• _Task to complete_
Starting at the line that contains "Home Office, Interior, Recessed", write out every line through the end of the records below exactly as it appears, and leave out all pictures.

Image-caption web data:
# # # #

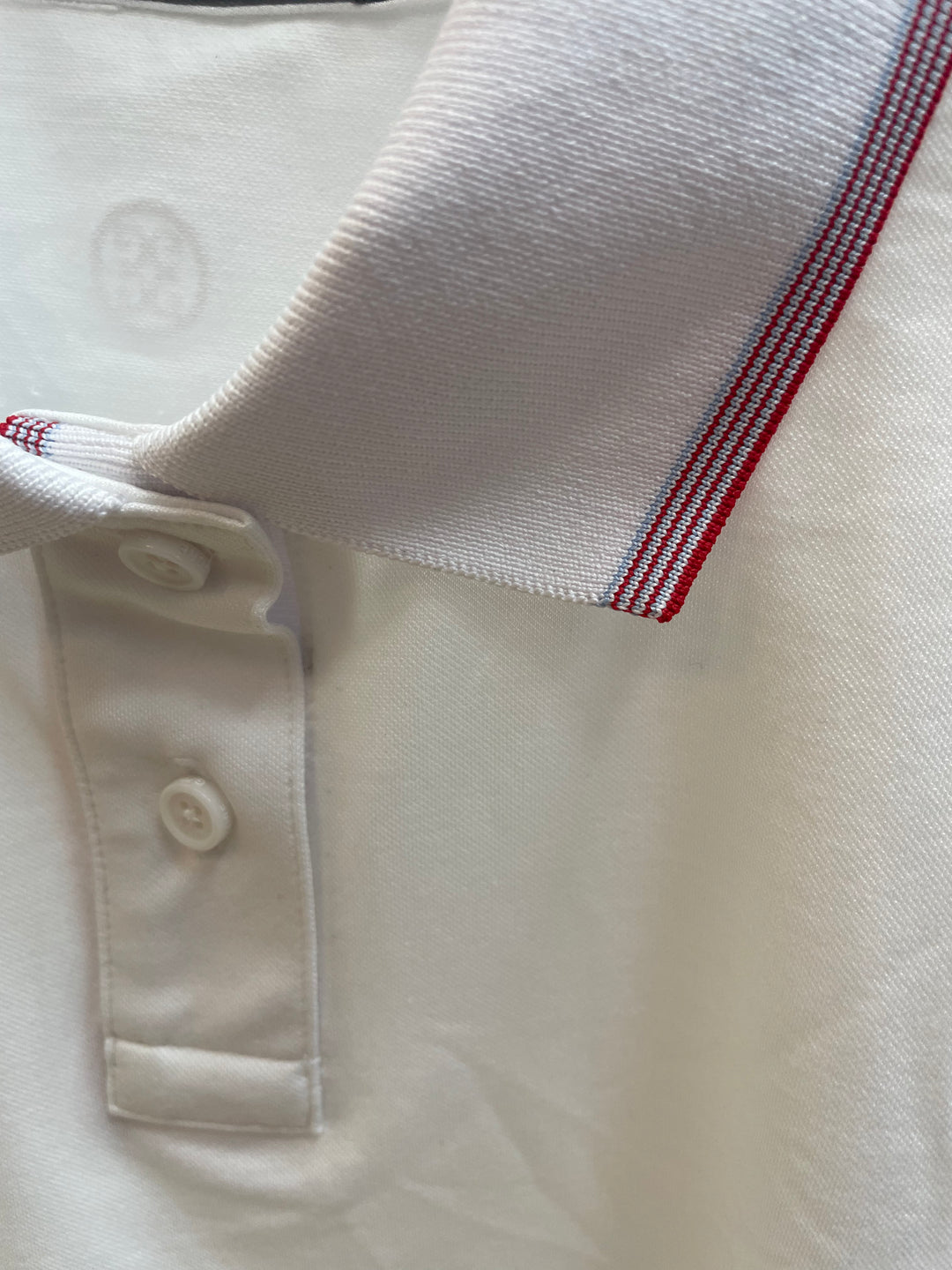 G/FORE Womens Boxy Short Sleeve Crop Button Polo - Snow/Rose Red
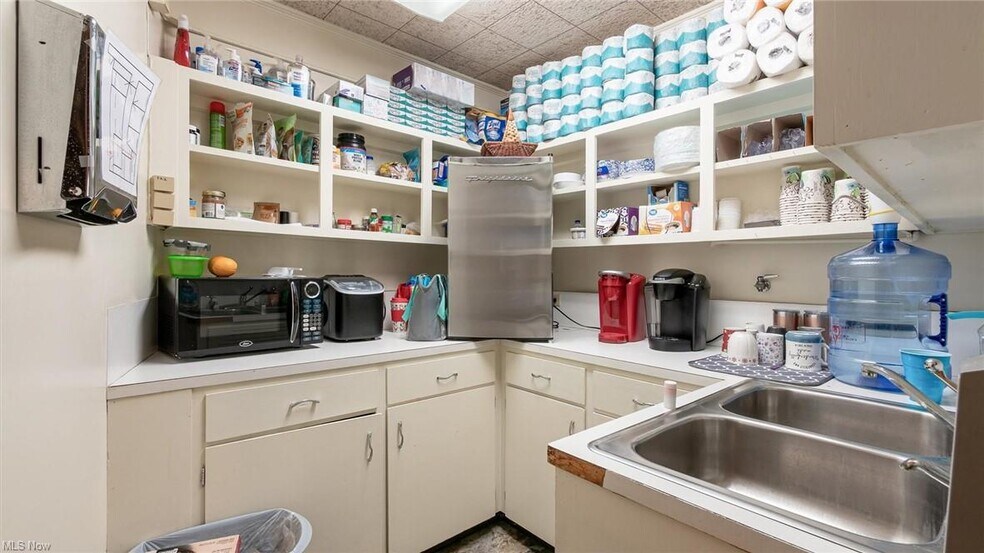 More Photos Of 1117 Clark St, Cambridge Medical For Sale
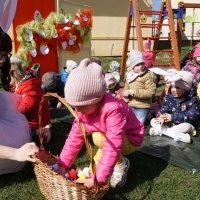 WIELKANOCNE SPOTKANIE Z ZAJĄCZKIEM (6)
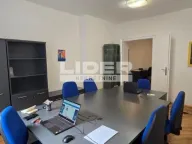 Izdavanje, poslovni prostor, 100m², Savski Venac, Beograd - image 1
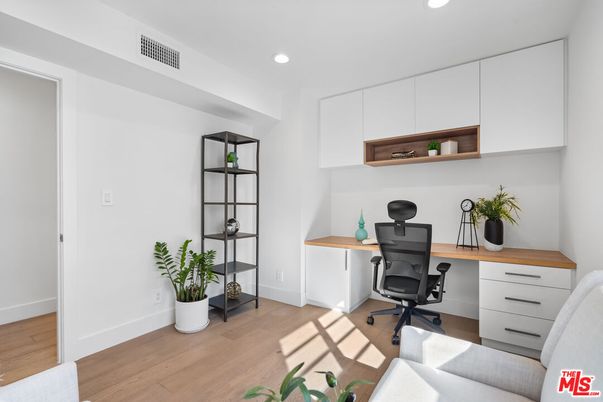 Home Office, Interior, Recessed Lighting, Wood Texture Flooring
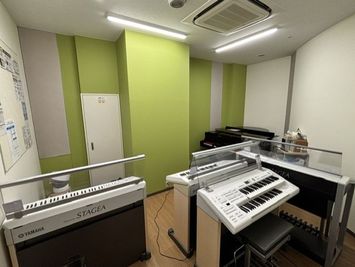 ヤマハミュージック直営教室!【池袋駅歩より歩3分】ピアノとエレクトーン両方演奏できるお部屋です♪ - ミュージックアベニュー池袋
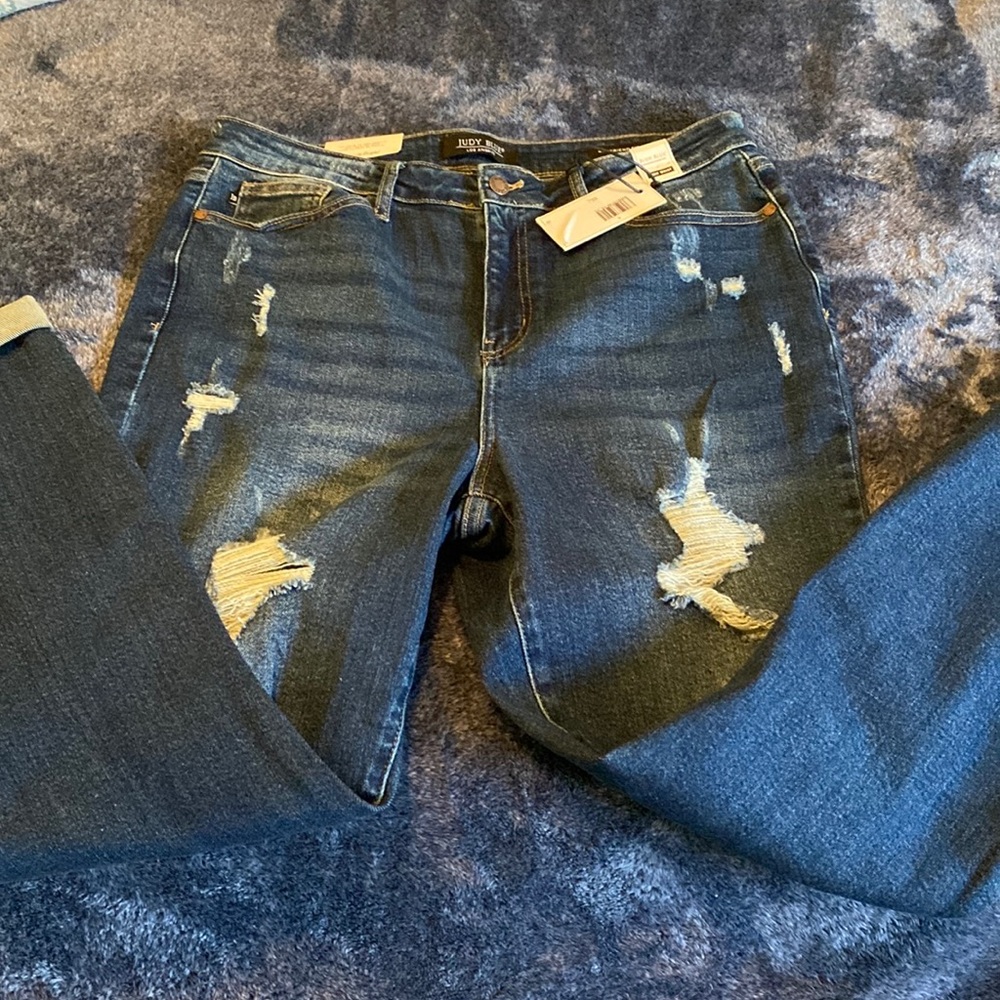 Judy Blue 15/32 Boyfriend High Waist distressed Jeans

# # # #

• _Response below_
 Home Office, Interior, Recessed Lighting, Wood Texture Flooring
 ヤマハミュージック直営教室!【池袋駅歩より歩3分】ピアノとエレクトーン両方演奏できるお部屋です♪ - ミュージックアベニュー池袋
 Judy Blue 15/32 Boyfriend High Waist distressed Jeans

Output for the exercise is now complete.